Exercise description:
Please write the listing below out again exactly, leaving every picture behind.
**********
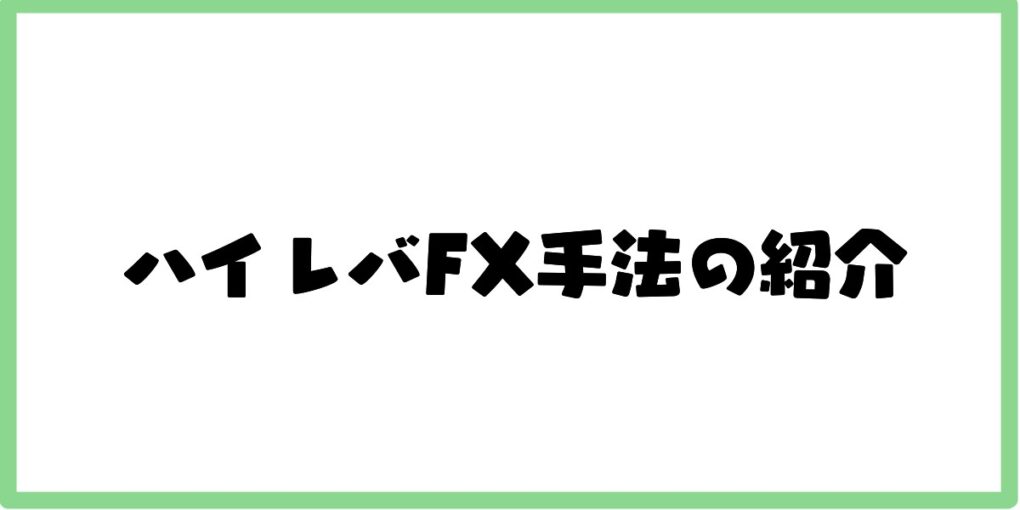 ハイレバFX手法の紹介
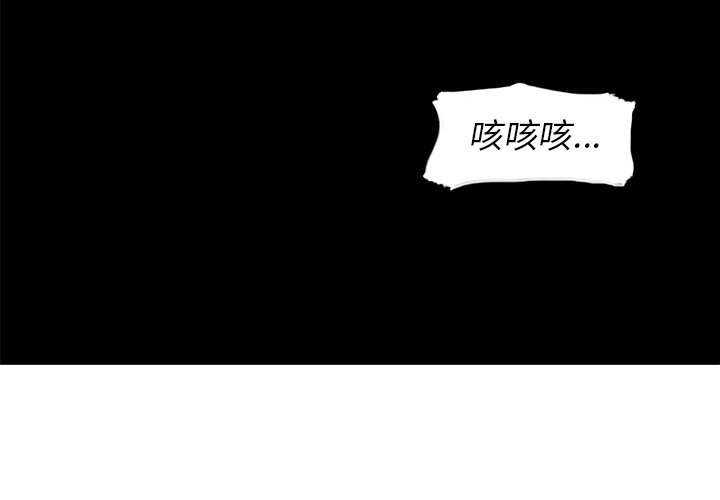 第52話 - 第3张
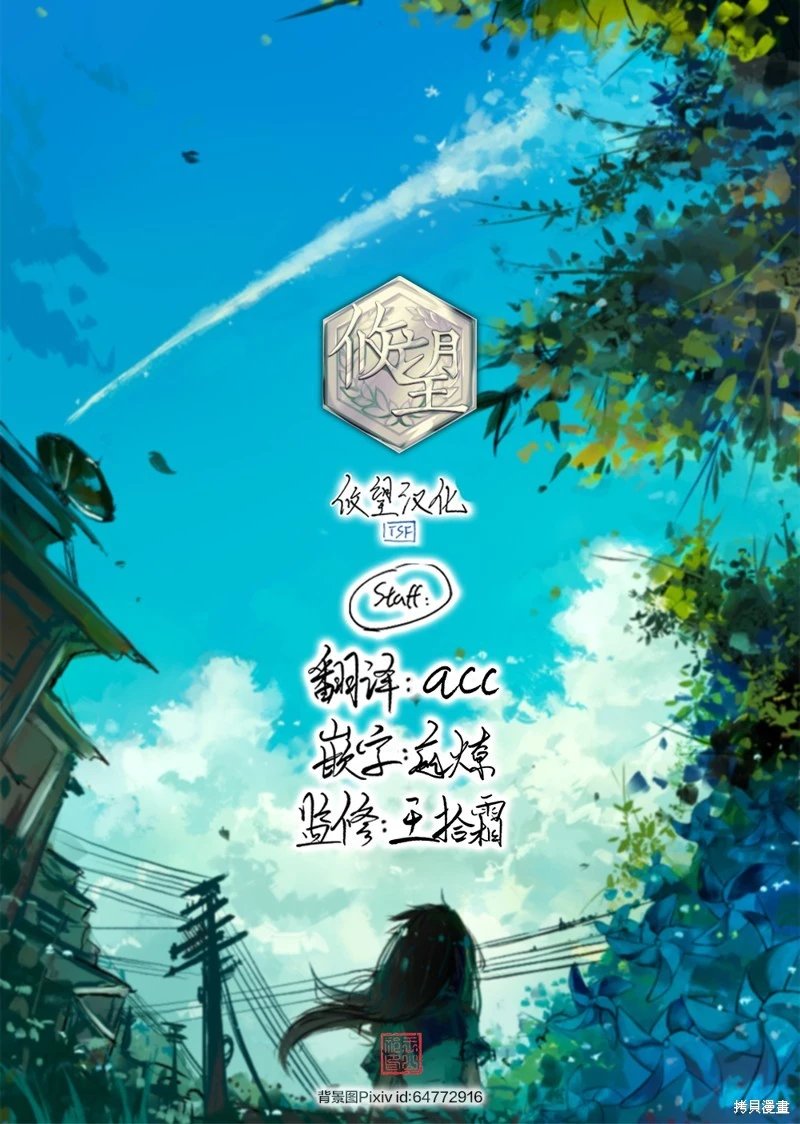 第166话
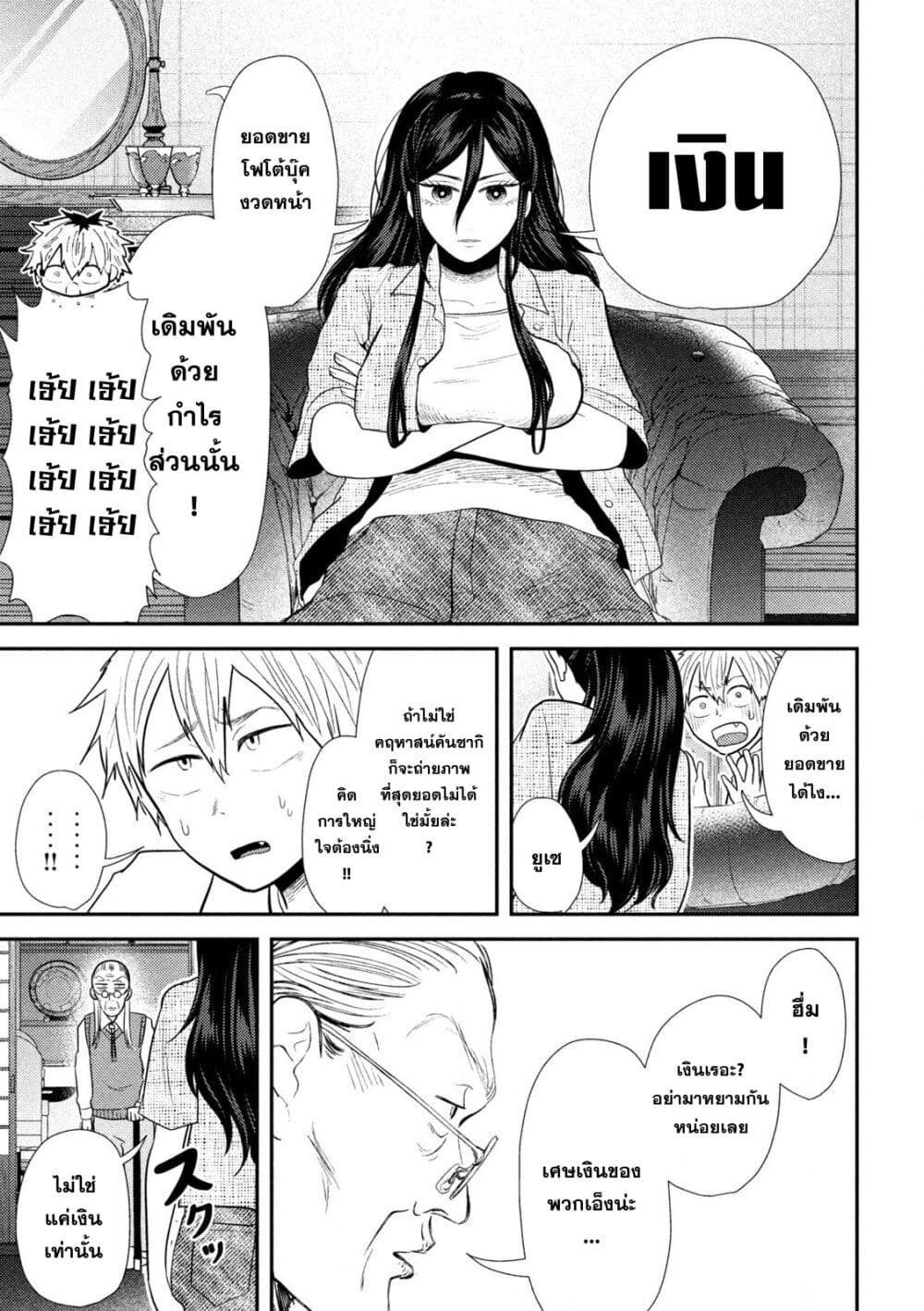 Heisei Haizanhei Sumire-chan ตอนที่ 34 แปลไทย page 17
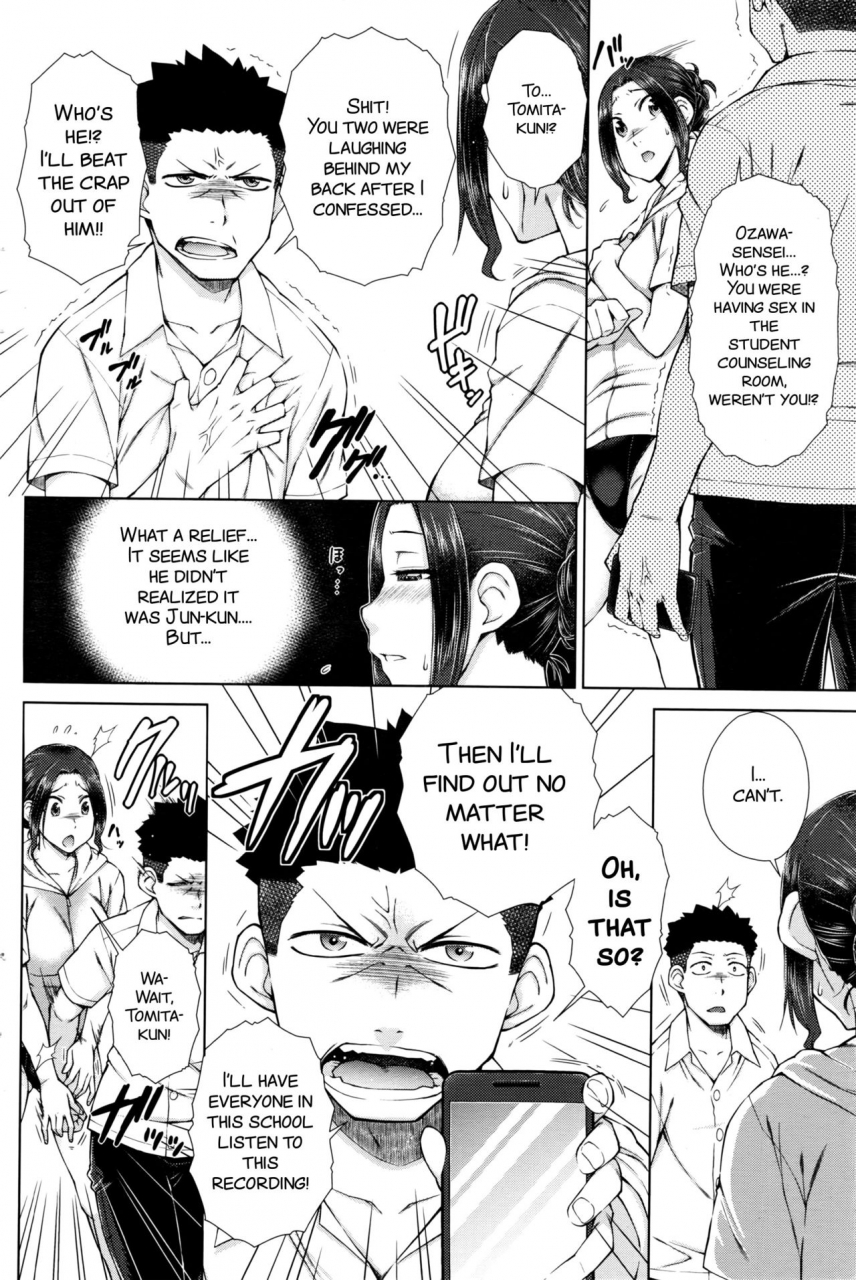 igarashi-shouno-suki-na-boku-no-yome-ga-onna-kyoushi-na-kenengsmdc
**********
Result:
 ハイレバFX手法の紹介
 第52話 - 第3张
 第166话
 Heisei Haizanhei Sumire-chan ตอนที่ 34 แปลไทย page 17
 igarashi-shouno-suki-na-boku-no-yome-ga-onna-kyoushi-na-kenengsmdc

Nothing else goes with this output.